The US Securities and Exchange Commission is expected to examine suspicious option trades in the run-up to the USD 25.9 billion (GBP 13.7 billion) bid for Harrah’s Entertainment tabled by a private equity consortium this week.
The watchdog is expected to look into a 15-fold jump in call option trading volumes in the days before the owner of Caesars Palace announced the takeover approach from the buyout firms Texas Pacific and Apollo Management.
Call options confer the right to buy shares at a specified price in the future and their purchase implies an expectation that the stock price will rise, as it tends to whenever a takeover bid is announced. The number of put options traded in Harrah’s, which stood at 1,051 on September 18, soared to 16,627 on September 21 and to 23,597 on September 28, according to Insideoptions.com, which tracks suspicious trading activity. The price of an “October call” soared from USD 0.60 on the morning of September 20 to USD 1.45 by the end of September 21.
Jon Najarian, a Chicago-based trader who runs Insideoptions.com, said: “This is extremely unusual and suspicious trading activity and it’s pretty clear that there have been at least two leaks.
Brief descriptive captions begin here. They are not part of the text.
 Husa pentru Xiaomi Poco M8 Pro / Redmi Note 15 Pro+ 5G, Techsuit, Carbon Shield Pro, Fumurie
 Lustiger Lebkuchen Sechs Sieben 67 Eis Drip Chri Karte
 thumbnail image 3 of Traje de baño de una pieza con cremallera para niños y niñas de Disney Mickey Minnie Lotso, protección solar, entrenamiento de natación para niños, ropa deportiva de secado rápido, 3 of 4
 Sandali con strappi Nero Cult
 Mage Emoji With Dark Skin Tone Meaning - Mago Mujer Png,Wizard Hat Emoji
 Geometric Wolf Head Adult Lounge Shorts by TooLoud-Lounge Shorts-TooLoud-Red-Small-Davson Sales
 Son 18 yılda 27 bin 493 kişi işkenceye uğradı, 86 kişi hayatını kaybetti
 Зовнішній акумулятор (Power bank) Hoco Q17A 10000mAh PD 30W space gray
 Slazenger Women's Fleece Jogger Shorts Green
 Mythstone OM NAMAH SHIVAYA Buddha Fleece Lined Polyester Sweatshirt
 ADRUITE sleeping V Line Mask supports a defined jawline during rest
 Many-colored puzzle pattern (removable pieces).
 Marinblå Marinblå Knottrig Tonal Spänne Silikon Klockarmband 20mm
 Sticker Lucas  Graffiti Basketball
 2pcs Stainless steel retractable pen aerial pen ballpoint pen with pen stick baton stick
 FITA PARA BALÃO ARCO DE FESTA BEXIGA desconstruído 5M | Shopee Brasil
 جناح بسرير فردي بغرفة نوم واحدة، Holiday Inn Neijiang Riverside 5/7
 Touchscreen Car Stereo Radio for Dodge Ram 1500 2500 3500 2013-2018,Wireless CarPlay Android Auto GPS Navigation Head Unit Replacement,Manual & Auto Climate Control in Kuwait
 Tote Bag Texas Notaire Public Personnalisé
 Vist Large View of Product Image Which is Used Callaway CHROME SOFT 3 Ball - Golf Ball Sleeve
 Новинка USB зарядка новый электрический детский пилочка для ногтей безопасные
As private equity deals get bigger and bigger, the scope for insider trading has increased dramatically. There are now so many people involved in some of these deals that it’s getting harder and harder to keep them secret.”
It is not uncommon for each private equity firm to involve at least 20 people in a large deal, Mr Najarian said. These include the dealmakers, as well as bankers, lawyers and secretaries. The number of participants multiplies if a group of private equity firms come together in a consortium deal and again if the approach is made hand-in-hand with the target company’s own management team.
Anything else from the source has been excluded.